Dopo dieci mesi di lavori, il Palais de Tokyo passa dunque da una superficie di circa 7000 metri quadrati a una di 22000 metri quadrati, grazie alla riunificazione dei preesistenti spazi affidata agli architetti Anne Lacaton e Jean-Philippe Vassal: quattro piani di cemento bruto e metallo totalmente e freneticamente investiti dalle più eterogenee forme dell’espressività dei nostri giorni.
Passeggiando tra gli immensi locali, attraversando i labirintici corridoi, sostando sulle varie terrazze e percorrendo nelle due direzioni le ampissime scalinate, ci si confronta in ogni istante con opere compiute o in procinto di farsi, lavori appositamente ideati per questa struttura e destinati a restarvi per circa un anno. L’intento del nuovo direttore, secondo le sue stesse parole, è invero quello di permettere allo spettatore nuove modalità di fruizione di un’arte che fa dell’immediatezza uno dei suoi punti di forza, consentendogli in certi casi di essere appunto diretto testimone non soltanto di un risultato finale ma del processo stesso di creazione e trasformazione che a quello condurrà.

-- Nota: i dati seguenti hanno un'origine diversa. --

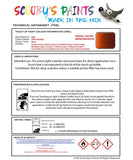 mini one spice orange code wb23 touch up paint instructions for use data sheet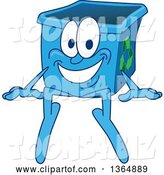 Vector Illustration of a Cartoon Blue Recycle Bin Mascot Sitting by Mascot Junction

Arrivo sul posto venerdì verso l’ora di cena e appena varcata la soglia la mia attenzione è subito attirata dalla performance del musicista elettronico, compositore, produttore e fotografo Aki Onda, il quale elabora complesse e stranianti trame sonore mediante l’utilizzo di molteplici walkman a cassette con i quali realizza, manipola e sovrappone “Cassette Memorie”, una sorta di giornale di venti anni di vita del suono.
Decido poi di consumare una birra e, avvicinandomi al ristorante, noto che le enormi vetrate di quest’area, vivacemente colorate, sono completamente coperte di onomatopee in stile manga che, successivamente, scopro esser state ideate da Christian Marclay, il vincitore del Leone d’oro dell’ultima Biennale di Venezia.

Comincio poi una lunga e volutamente casuale peregrinazione e vengo anzitutto colpito dalla scultura monumentale del belga Peter Buggenhout (“The Blind Leading the Blind”), un’opera apocalittica sospesa al di sopra di una scalinata ed emanante un ambiguo senso di potenza e fragilità al contempo, un caotico e multiforme assemblaggio di ingombranti materiali che danno la netta sensazione di potersi improvvisamente staccare dal soffitto al quale sono minacciosamente appesi.

Continuo quindi, un po’ scosso, la camminata finchè la mia vaga inquietudine si trasforma in divertita curiosità davanti all’invenzione di Lucas Abela “Vinyl Arcade”, un circuito per vetture radioguidate composto da più di seimiladischi vinili, con le macchinine equipaggiate di una telecamera che permette di seguirne il percorso in soggettiva da uno schermo e di una “puntina”che “scratchando”in maniera aleatoria la pista produce sonorità in stile noise.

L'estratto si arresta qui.